━━ Information provided

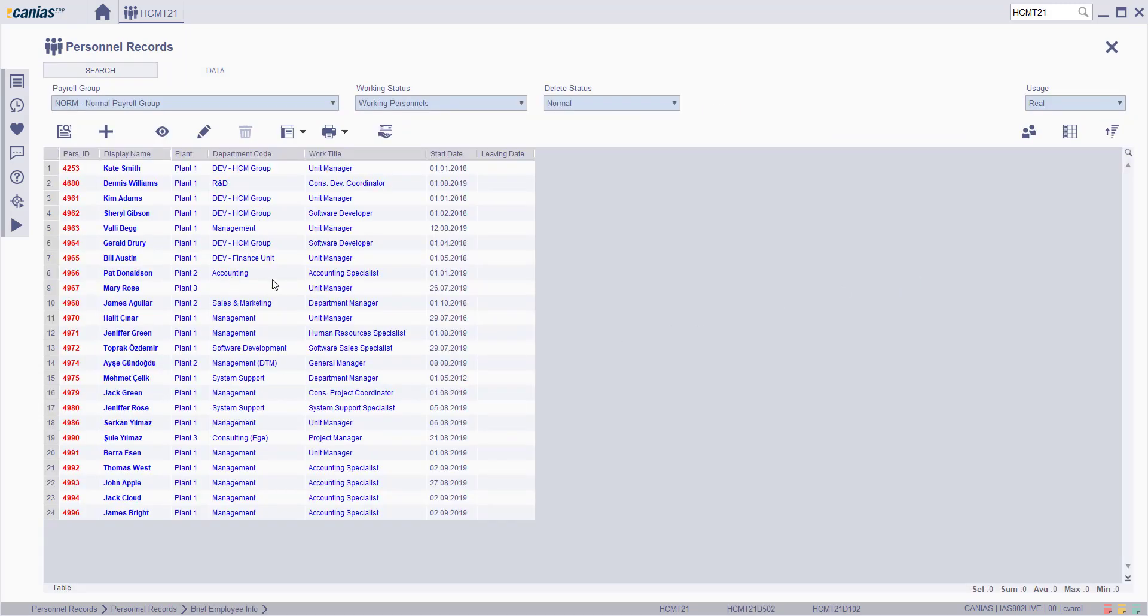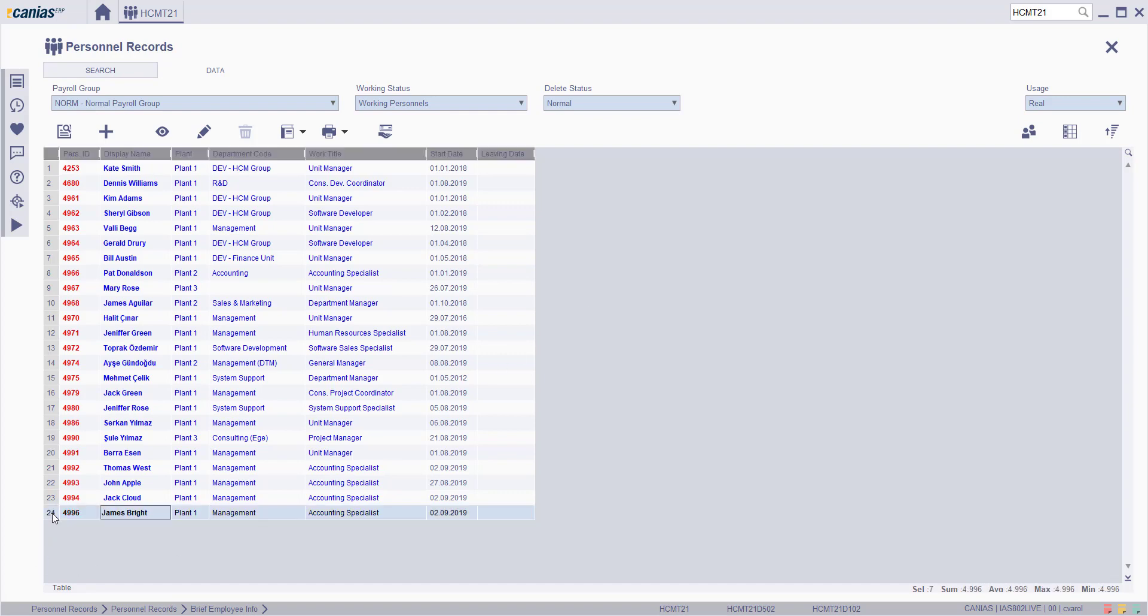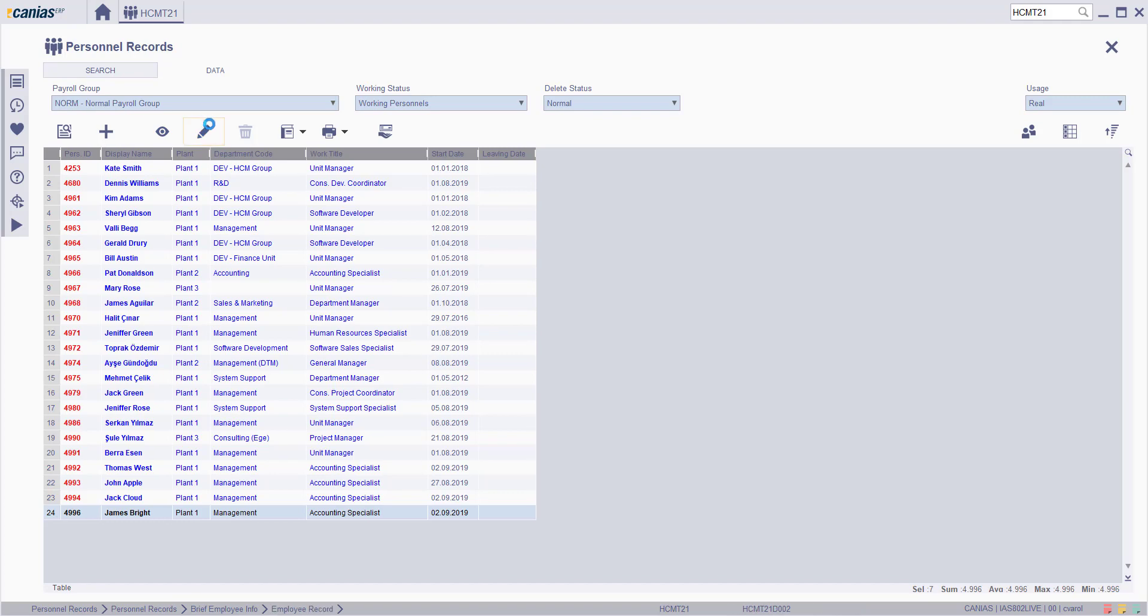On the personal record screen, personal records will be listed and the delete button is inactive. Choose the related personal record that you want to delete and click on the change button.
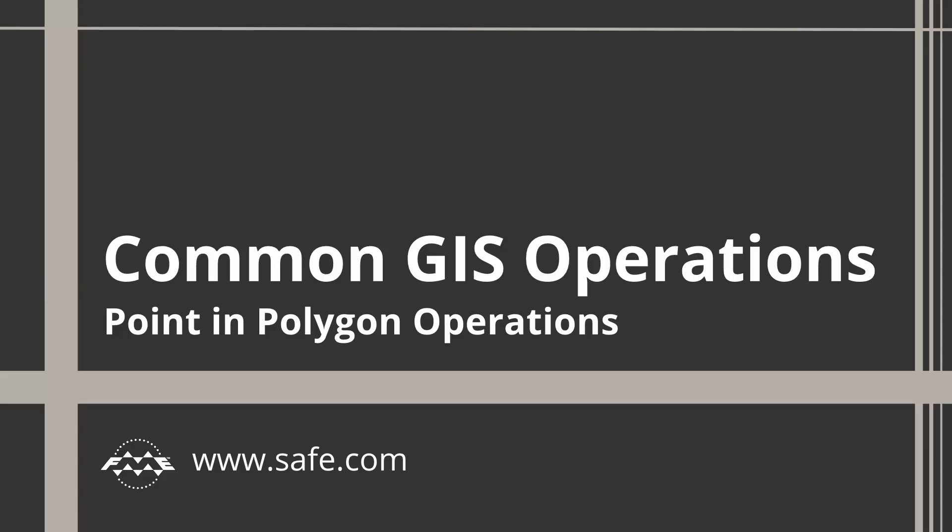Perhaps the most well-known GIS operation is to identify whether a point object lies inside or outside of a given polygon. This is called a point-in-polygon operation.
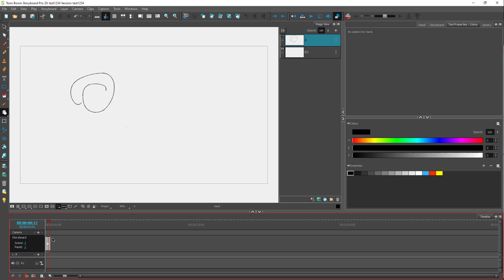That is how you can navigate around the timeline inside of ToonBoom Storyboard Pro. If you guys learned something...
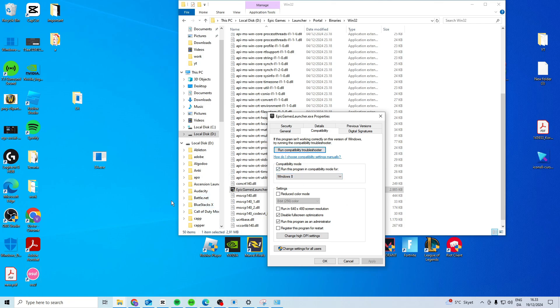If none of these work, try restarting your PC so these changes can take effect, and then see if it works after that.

━━━━

- What you have to do
Please leave the images out and retype the rest of the material exactly.

- Solution to the problem
On the personal record screen, personal records will be listed and the delete button is inactive. Choose the related personal record that you want to delete and click on the change button.
Perhaps the most well-known GIS operation is to identify whether a point object lies inside or outside of a given polygon. This is called a point-in-polygon operation.
That is how you can navigate around the timeline inside of ToonBoom Storyboard Pro. If you guys learned something...
If none of these work, try restarting your PC so these changes can take effect, and then see if it works after that.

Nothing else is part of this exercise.